Daan Crypto Trades|Apr 02, 2025 11:03
One of the primary goals of the current administration seems to be to weaken the dollar & lower yields.
Both of these goals have arguably been pretty succesful so far in the ~2 months since inauguration.
We do know there has been collateral damage in achieving this and the real question in the end will be whether it was worth it and if it was the correct strategy or not.
We do know the US has to refinance ~9T worth of debt this year. So every basis point lower on long term bond yields is a lot of money "saved" in the long run.
A cheaper dollar can help improve US exports due to cheaper goods but also brings the risk of higher inflation.
It's a thin line to balance this all out.

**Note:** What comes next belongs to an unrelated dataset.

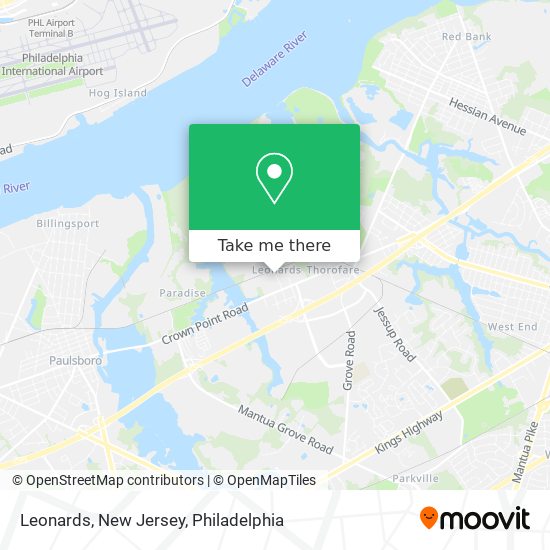 Leonards, New Jersey map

I think the main reason for the administration to go hard on tariffs etc now is also partially because in 4 years time, barely anyone will remember what happens now. It's also still possible to blame the bad performance in markets on the previous administration. Lastly, it sets you up for a reversal and more positive momentum into the midterms in 2 years.
I'm no macro expert and just stating some of the obvious things here as a bit of a summary. I think times like these are great to study while it's happening and especially once the outcome is more clear.
Good luck out there today especially as the proposed tariffs are to be announced. My guess is that we'll barely hear the word tariff 3 months from now and the markets will have found a new narrative to obsess about. That's the way things go.